For example, open channels can be placed in the pump housing, this channel is separate component, in particular by mounting the angle member is modified into channels having a bent geometry. To accommodate the curved surface of the angle member, additionally against open channel, another perforations, blind hole及Beauty / or may be arranged millings within the pump housing. Thus, preferably, cut with use a more compact channel. For only the dimensions of the open channel need to be large enough to accommodate the connector of the connecting conductor in some cases, while the bent region of the channel is only the connecting conductor itself. This is because it is sufficient to accommodate the connector, and it is not necessary to accommodate the connector. Open channel further because it provides easy access to all of the edges are formed in the channel at the time of manufacture, easily deburring及beauty / or the edges Ru lines give a rounding. Thus, preferably, the connecting conductor also wear damage of the insulator of the connecting conductor in avoidance.

Preferably, a seal element is arranged between the angle member and the pump housing. Sealing element, the O-ring also if example embodiment may be a sealing strip. Thus, a bent channel, so cut with seal in the region of separately mounted angle members, especially when using a sealing material as a gas barrier, the outflow of the sealing material during injection is prevented. Sealing element, cut with omitted when or to use a sealing material having a high viscosity when using another kind of gas barrier.

The vacuum region, the space volume remaining between the gas barrier and the board, at least approximately In example embodiment, both the pumping region及beauty pressure chamber of the vacuum chamber, not could be connected to direct gas, therefore, the following Also called dead space. Accordingly, adjacent to the dead space, the vacuum chamber, the pressure differential between the pumping area adjacent thereto while being separated by a gas barrier, and及Beauty / or dead spaces, while being separated by the board pressure difference between the pressure chamber to the pumping region of the dead space and the vacuum chamber及beauty / or never be brought direct pressure fit between the pressure chamber. Optionally, between the pump area and the dead space of the vacuum chamber, or can be identified based on the leak rate between the pressure chamber and dead space, the leakage gas flow remaining, slowly progressive pressure conformance is may result, however this pressure fit, in the case of low leakage rate, for several hours or if example embodiment but also several months may be done elapses.
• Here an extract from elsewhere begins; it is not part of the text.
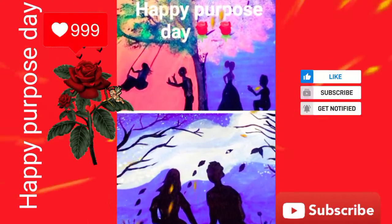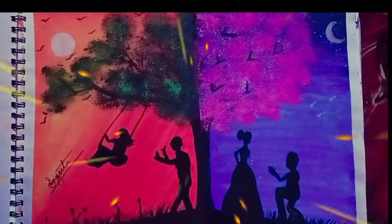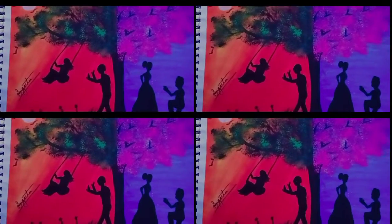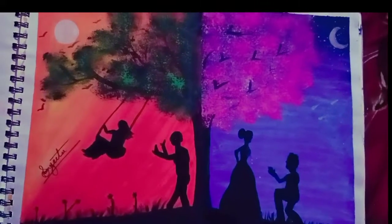This is a very easy drawing, easy to access via Facebook or WhatsApp. If you like this video, you can share it with others. Please like this video.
According to one embodiment, the area of the vacuum pump defined by the gas barrier and the board is connected to a secondary gas source.

Preferably, secondary gas source, eg if the seal gas, the protective gas, the inert gas also provides a vent gas, thereby, a dead space, the predetermined atmosphere having no corrosive components formed Will be done. Such a protective gas atmosphere, even if it should have a leakage rate to the extent that the gas barrier can not be ignored, cut with effectively deter undesired gas diffusion toward the pumping region of the vacuum chamber to the dead space through the gas barrier.

In this case, the pressure in the dead space during operation of the vacuum pump may be adapted to the pressure in the pumping region of the vacuum chamber, in this case, if example embodiment, the gas is under higher pressure in the dead space, slowly vacuum Can diffuse into the pumping area of the chamber. When followed by a vacuum pump which is switched off, pumping region of the vacuum chamber is vented, if example embodiment, again gas, depending on the leak rate of the gas barrier, returning to the dead space from the pumping region of the vacuum chamber diffusion Can be. When the gas diffusing into the dead space still contains trace amounts of corrosive process gas, the corrosive process gas can cause damage to the board as a vacuum feedthrough. A protective gas atmosphere which is produced by the secondary gas source, kill such a situation by suitably thwart.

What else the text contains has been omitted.